Neven Dumont und andere wollten offensichtlich der Linie von OB Schramma nicht folgen, hinter der sich die Führungen der bürgerlichen Parteien versammelt haben. Es solle Druck innerhalb der Parteien erzeugt werden, diese Frage ernst zu nehmen und ideologisch zu betrachten. Ludwig fürchtet, dies könne durchaus Erfolg haben: „Niemand sollte davon ausgehen, dass CDU oder FDP verlässliche Bündnispartner dabei sind, mehr Rechte für Immigranten zu erreichen oder auch nur die Ehrenfelder Moschee zu verteidigen. Die Haltung der Ehrenfelder CDU, die nur mit Druck vom OB und der Ratsfraktion davon abgehalten werden konnte, aktiv gegen den Moschee-Bau zu werden, zeigt das Potenzial für eine Kursänderung. Auch SPD und Grünen ist Einiges zuzutrauen.“
 
Seine Vermutung: „Die Absicht der bürgerlichen Islam-Gegner mag sein, eine eigene Anti-Moschee-Front aufzubauen und „pro Köln“ die Meinungsführerschaft in Sachen Islamophobie streitig zu machen. Das wird nicht funktionieren. Diejenigen, die sich gegen Muslime aufhetzen lassen, machen die feinen Unterschiede nicht, die Neven DuMont und Giordano machen.
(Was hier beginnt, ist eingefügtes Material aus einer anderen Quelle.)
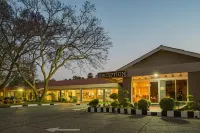 Kadoma Hotel & Conference Centre - bar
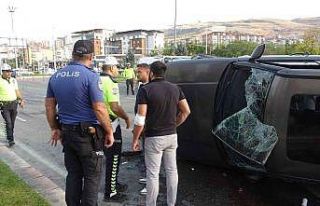 Otomobille çarpışan cip 40 metre sürüklendi:...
Sie werden dadurch nicht zu Befürwortern des Staates Israels oder des jüdischen Lebens in Deutschland. Sie sind „gegen Ausländer“, gegen Minderheiten. Sie werden sich bestätigt fühlen, wenn sie Hetze gegen die Moschee in den Zeitungen lesen, werden aber noch lange nicht die arroganten Establishment-Figuren als ihre Interessenvertreter ansehen. Sie werden sich hingegen darin bestärkt fühlen, „proKöln“ offen zu unterstützen. Die rechte Truppe um Manfred Rouhs kann sich nur bedanken bei Giordano und den Dumont-Medien.“

ProKoeln - im Stadtrat
Freut sich über und klagt trotzdem gegen Giordano – pro Köln-Fraktion im Stadtrat | Foto: NRhZ-Archiv

Aufgabe der politischen Linken

Aufgabe der politischen Linken und der Gewerkschaften sei es deshalb, „die Verteidigung des Rechtes auf den Bau einer repräsentativen Moschee in die Hand zu nehmen. Nicht mit oberflächlicher „Multikulti-Standort“-Argumentation oder mit einer unkritischen Haltung zu DITIB, die letztendlich auch nur eine konservativ-religiöse Organisation ist. Sondern mit einer klaren Haltung, dass nur die Verteidigung demokratischer Rechte, die weitgehende Gleichberechtigung, das Respektieren von anderen Kulturen und Religionen die Grundlage ist, auf der die Mehrheit der Bevölkerung, die arbeitenden und erwerbslosen Menschen, gemeinsam für ein besseres Leben agieren können“. Deshalb sei es notwendig, „die Aktionen gegen den „pro Köln“-Aufmarsch am 16. Juni vorzubereiten aber auch, die bürgerliche Anti-Islam-Propaganda zu kontern“.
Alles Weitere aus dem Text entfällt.